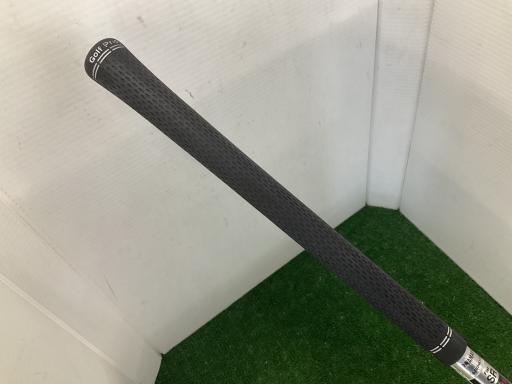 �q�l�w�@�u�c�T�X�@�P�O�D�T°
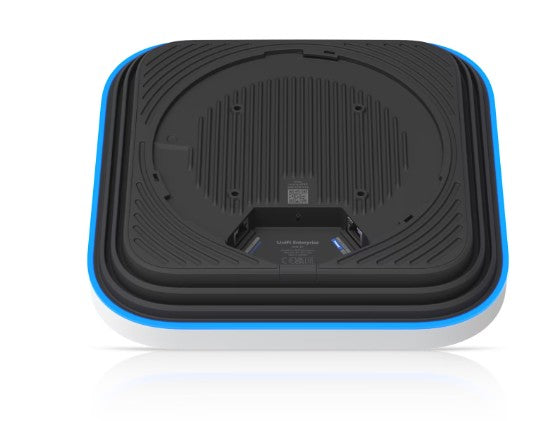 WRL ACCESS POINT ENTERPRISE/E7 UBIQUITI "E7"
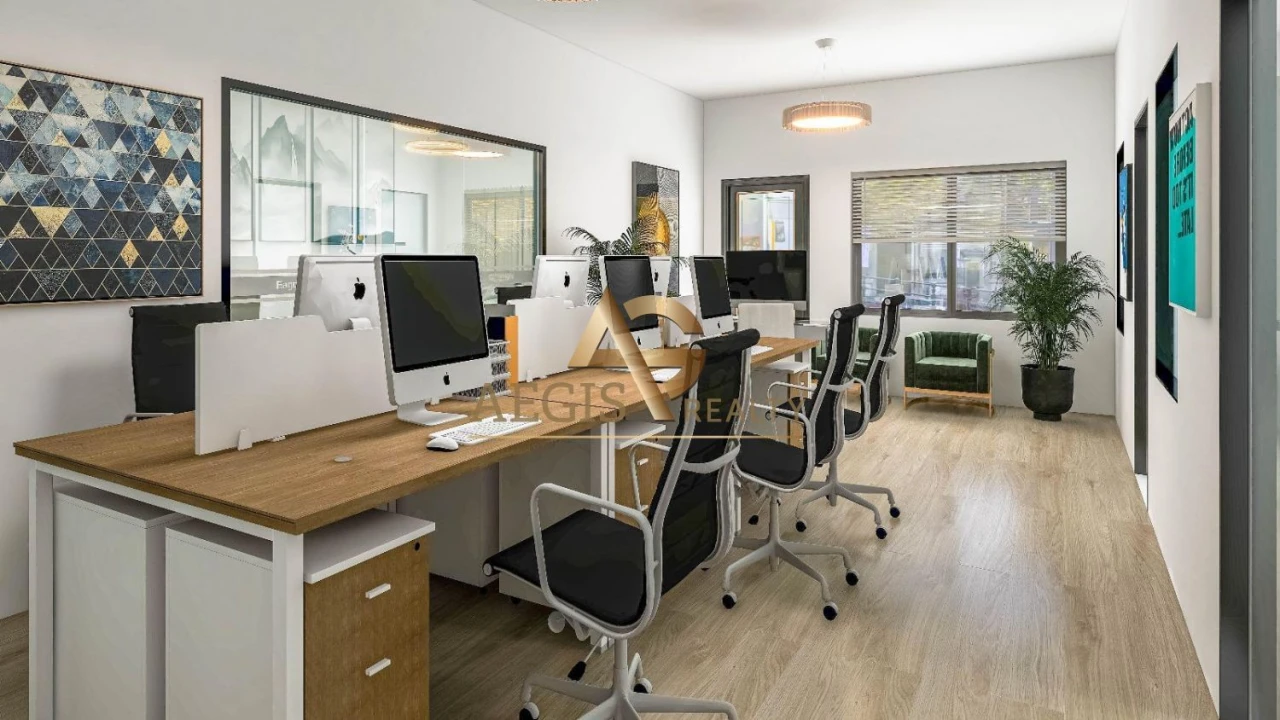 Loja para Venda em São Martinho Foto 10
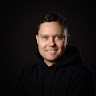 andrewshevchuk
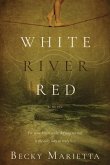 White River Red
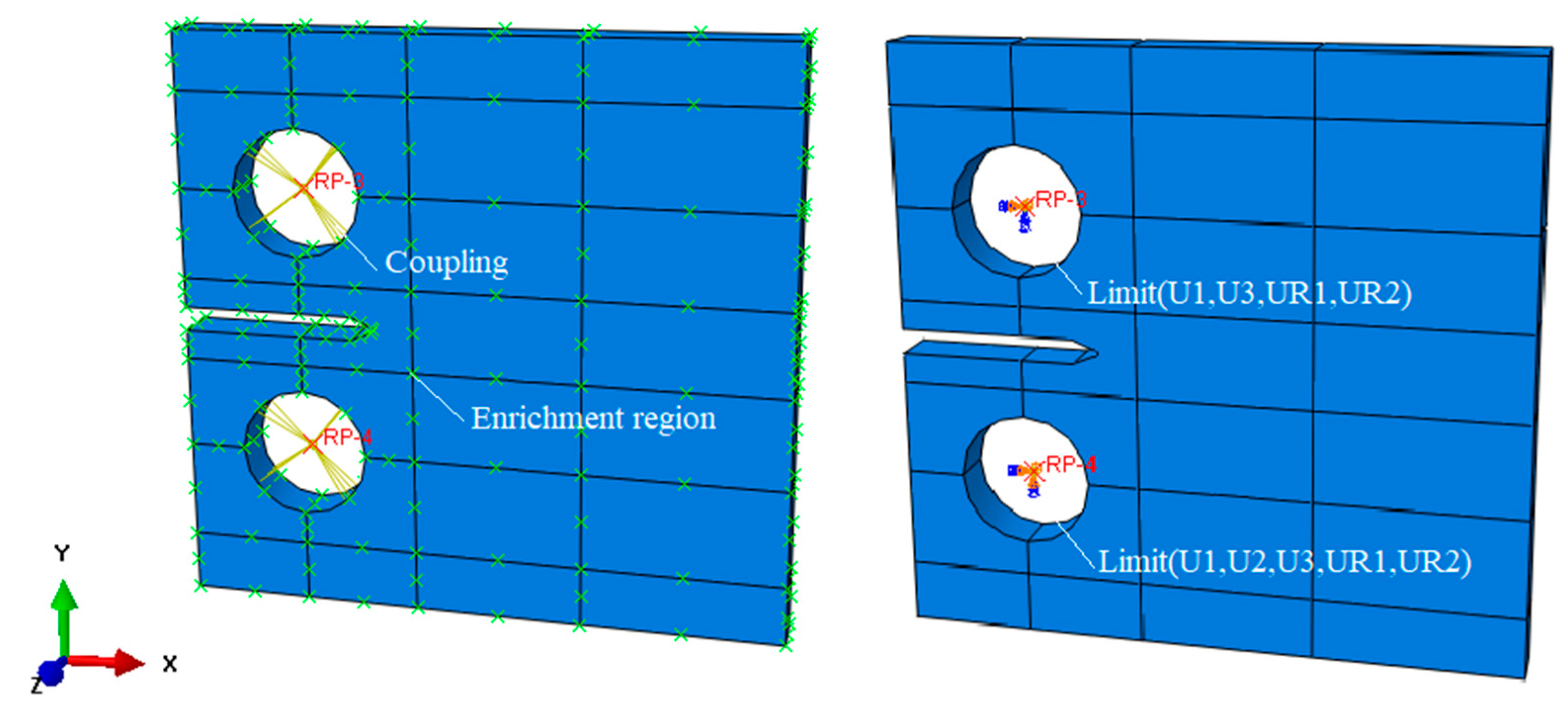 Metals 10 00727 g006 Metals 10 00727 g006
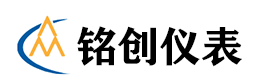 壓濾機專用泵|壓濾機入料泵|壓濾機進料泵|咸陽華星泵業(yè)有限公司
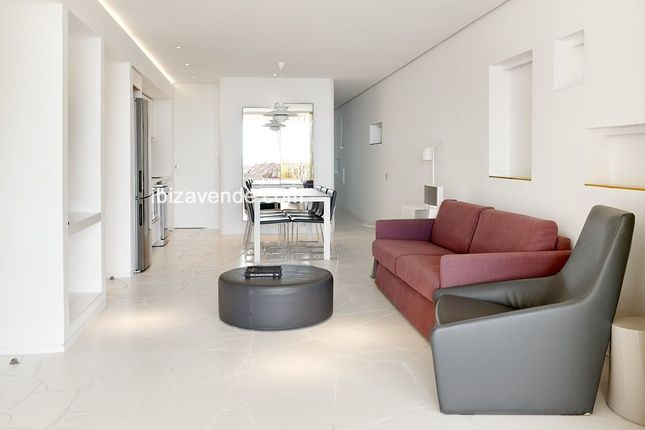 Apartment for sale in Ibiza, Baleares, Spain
==================================================
_Exercise goal:_ Using the listing above, set down exactly each line from the one containing "Metals 10 00727 g006 Metals 10 00727 g006" through the final line, and leave out pictures.

_Output for this exercise:_
 Metals 10 00727 g006 Metals 10 00727 g006
 壓濾機專用泵|壓濾機入料泵|壓濾機進料泵|咸陽華星泵業(yè)有限公司
 Apartment for sale in Ibiza, Baleares, Spain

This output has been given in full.